Data records:
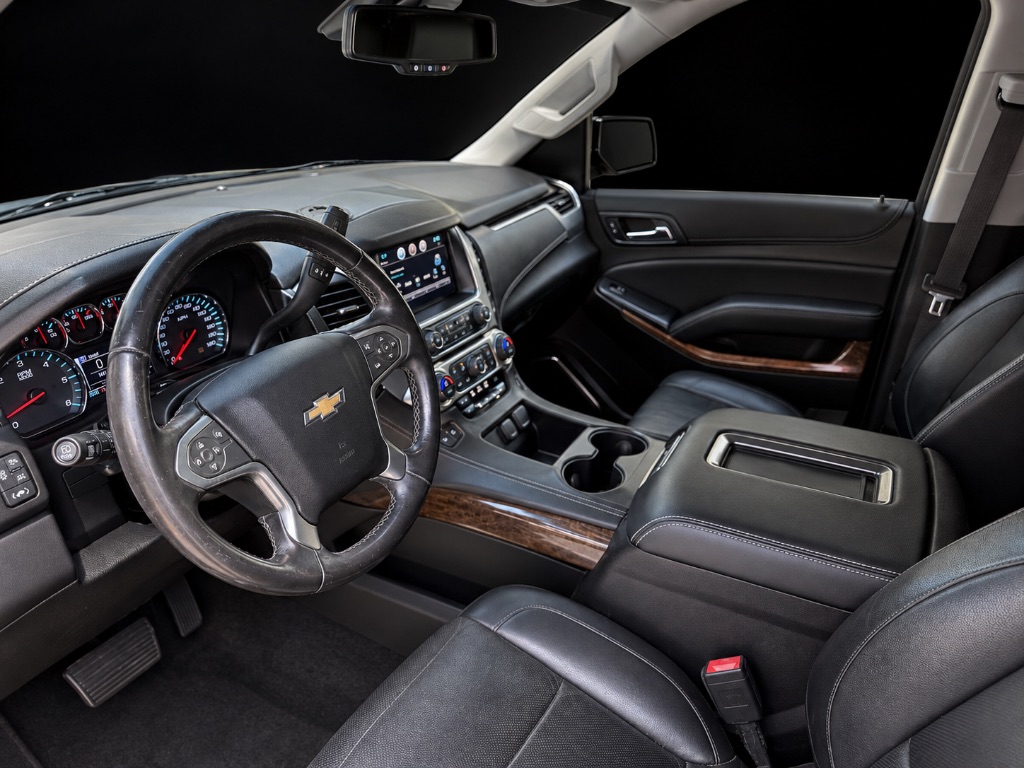 2017 Chevrolet Suburban - $17,999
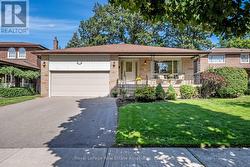 2553 ANNELYN COURT Mississauga, ON L5C 2Z7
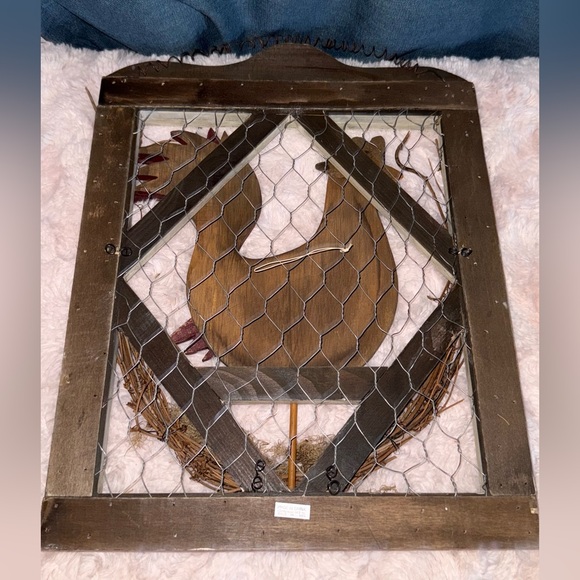 NWOT’s Rustic Rooster Wall Decor - Picture 10 of 13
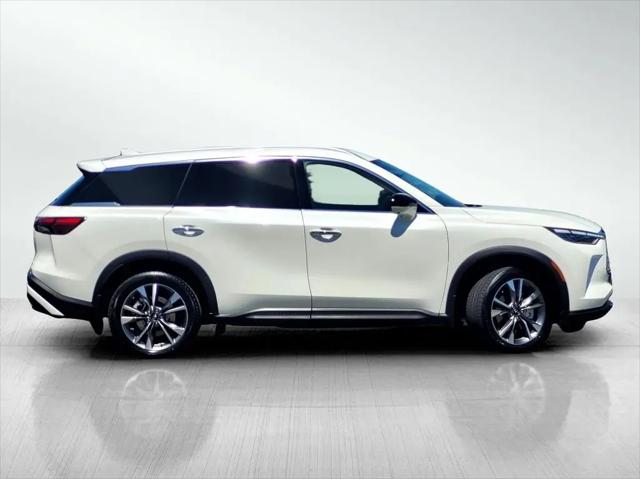 2023 INFINITI QX60 LUXE AWD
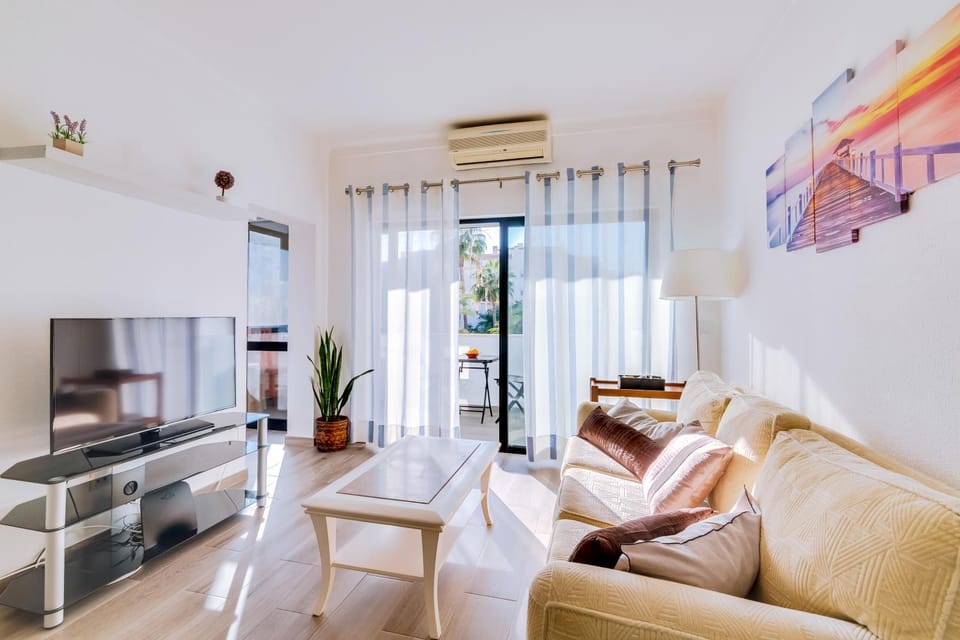 Balcony/Terrace, Living room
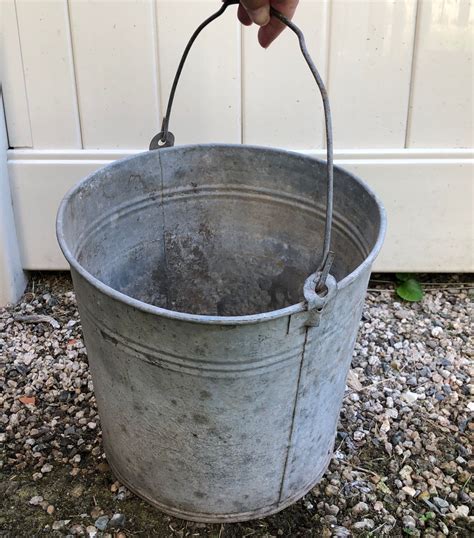 Vintage Galvanized Bucket Old Bucket Garden Decoration Farm Etsy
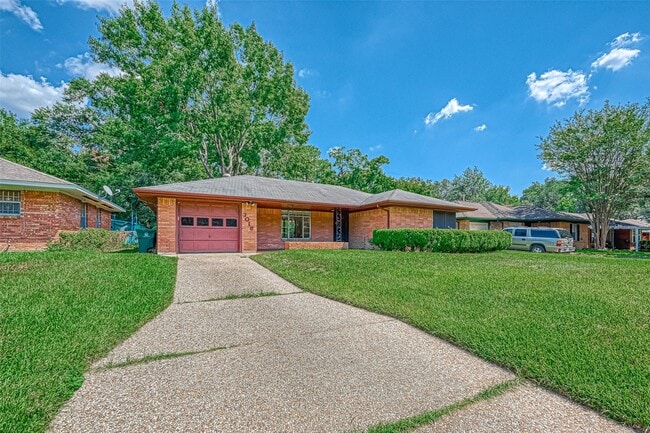 Building Photo - 3018 Attridge Rd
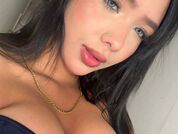 HilaryQueenn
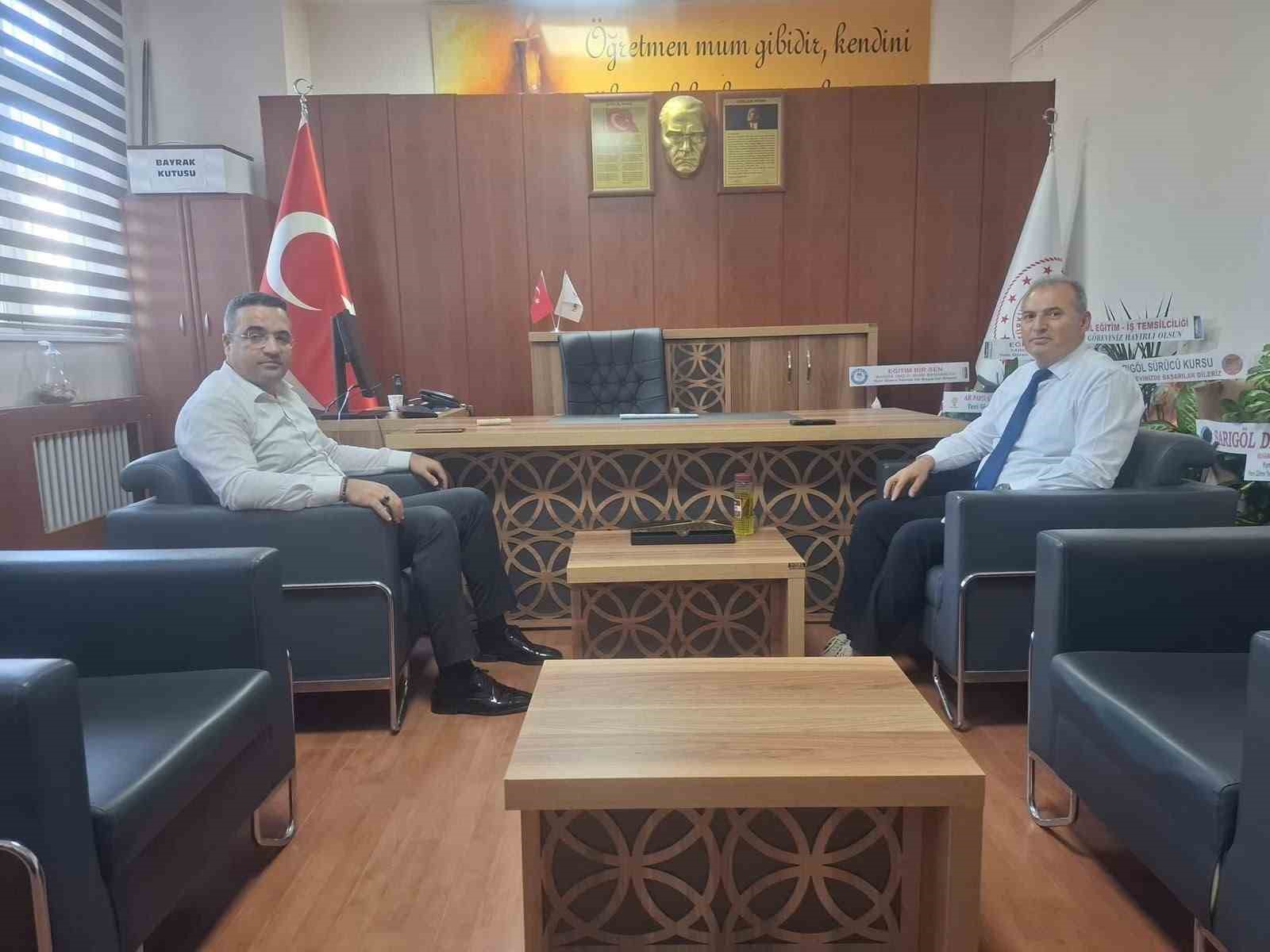 kaymakam-dalak-tan-egitime-destek-mesaji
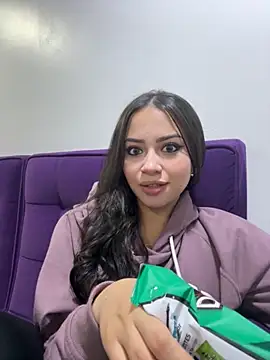 abbymnd online show from 09/19/25, 04:14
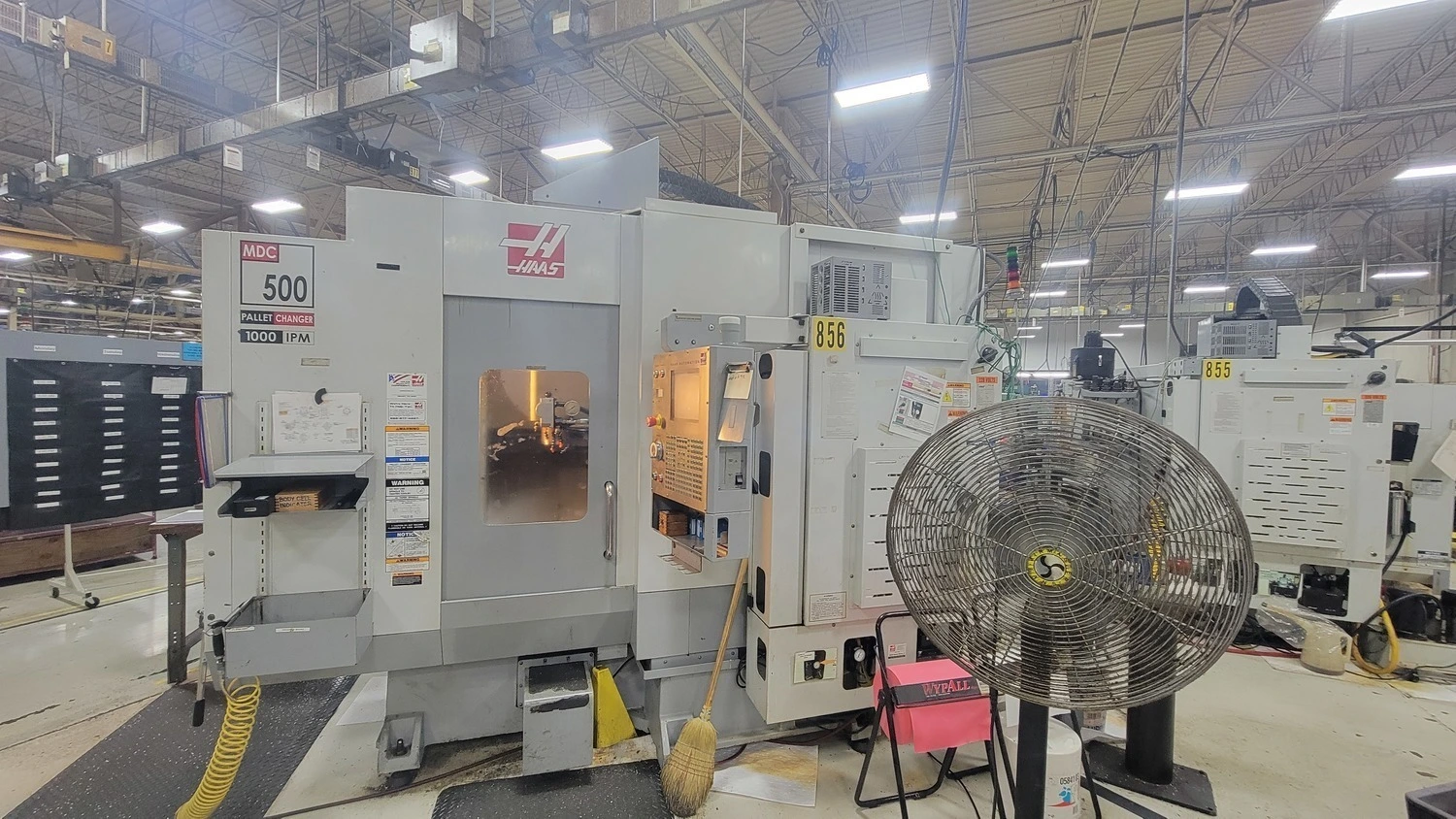 USED 2005 HAAS MDC-500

**WHAT TO PRODUCE:** With the pictures left out, please output each line from the one containing "kaymakam-dalak-tan-egitime-destek-mesaji" through the end of the entries, exactly as it is.

**RESULT FOR THIS TASK:**
 kaymakam-dalak-tan-egitime-destek-mesaji
 abbymnd online show from 09/19/25, 04:14
 USED 2005 HAAS MDC-500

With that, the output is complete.